El próximo 26 de noviembre, el Festival Internacional de Cine de Entre Ríos será escenario de un acontecimiento que trasciende lo artístico: el estreno de Emboscada, dirigida por Mauro Bedendo y protagonizada por Osvaldo Laport y Roly Serrano. No se trata solo de una película, sino de un gesto político y cultural que desafía la hegemonía porteña y reivindica la potencia narrativa de Paraná y Villa Urquiza.
Bedendo lo dijo con claridad: “La idea mía siempre fue traer un poco el cine para acá, para que no sea todo siempre en Buenos Aires”. Esa frase condensa la esencia de Emboscada: un cine federal, inclusivo, que se construye con más de 60 actores entrerrianos y regionales, y que convierte a la provincia en escenario y protagonista.
La trama, centrada en El Tano —un corresponsal de guerra que se rebela durante el corralito de 2001 y enfrenta la persecución de policías corruptos—, no es casual. Habla de un país que todavía carga con las cicatrices de la crisis, de un sistema que castiga al ciudadano común y de una memoria que exige ser contada desde las periferias.
Emboscada es, entonces, más que un thriller: es un espejo incómodo de nuestra historia reciente y una apuesta por un cine que no se conforma con repetir fórmulas.

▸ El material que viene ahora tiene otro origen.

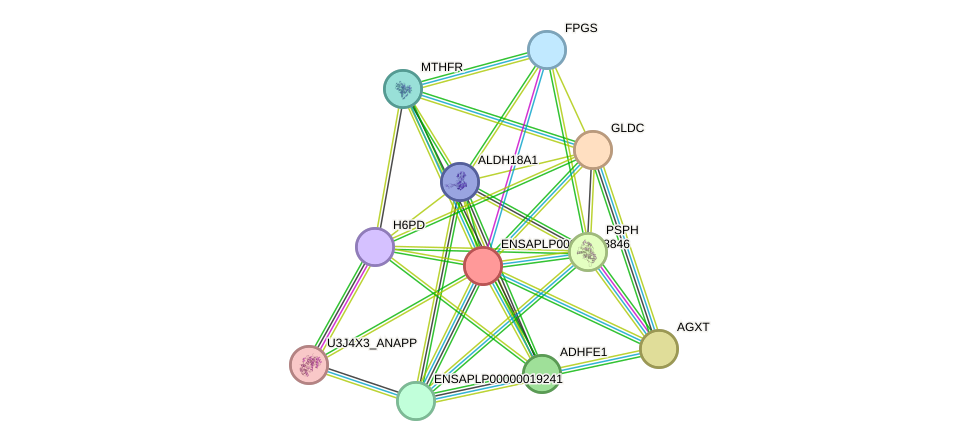 STRING protein interaction network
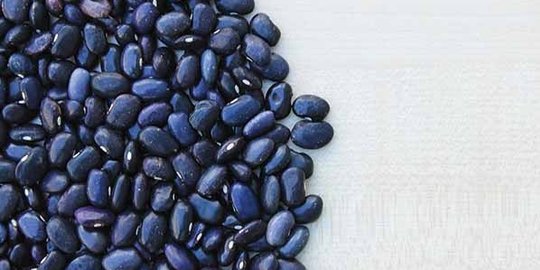 10 makanan ini mengandung protein lebih banyak daripada telur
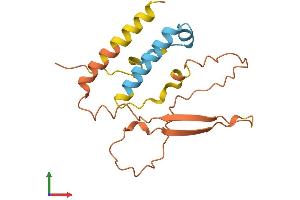 AlphaFold protein structure predicition of Human Recombinant KRBOX4 Protein, UniprotID Q5JUW0 (KRAB Box Domain Containing 4 (KRBOX4) (AA 1-171) protein (His tag))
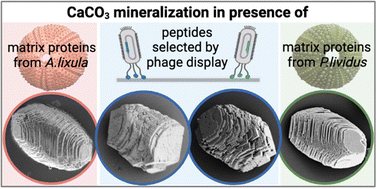 Graphical abstract: Functional mimicry of sea urchin biomineralization proteins with CaCO3-binding peptides selected by phage display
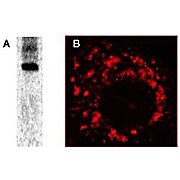Anti-SARS-CoV Nonstructural Protein 8 (nsp8) (RABBIT) Antibody, 100µL, Liquid (sterile filtered)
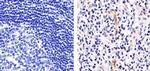 VCAM-1 Antibody in Immunohistochemistry (Paraffin) (IHC (P))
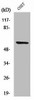 Cleaved-MMP15 Y132 Antibody PACO00034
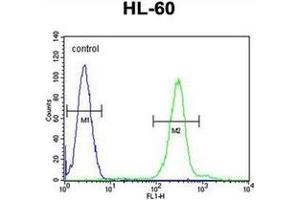 Flow cytometric analysis of HL-60 cells using PLA2G2C Antibody (C-term) Cat. (PLA2G2C antibody  (C-Term))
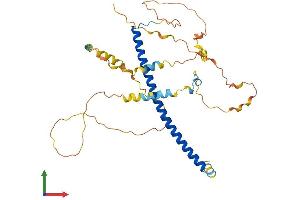 Protein Structure (PS) image for CCAAT/enhancer Binding Protein (C/EBP), alpha (CEBPA) (AA 1-358) protein (His tag) (ABIN7553411)
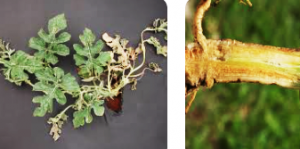 Comparative genomic prediction of resistance to Fusarium wilt (Fusarium oxysporum f. sp. niveum race 2) in watermelon: parametric and nonparametric approaches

Es la demostración de que Entre Ríos puede producir relatos de impacto nacional, con calidad técnica y con un compromiso social que interpela.
En tiempos donde la cultura suele ser relegada, este estreno se convierte en un acto de resistencia: un recordatorio de que el cine también puede ser herramienta de memoria, denuncia y dignidad.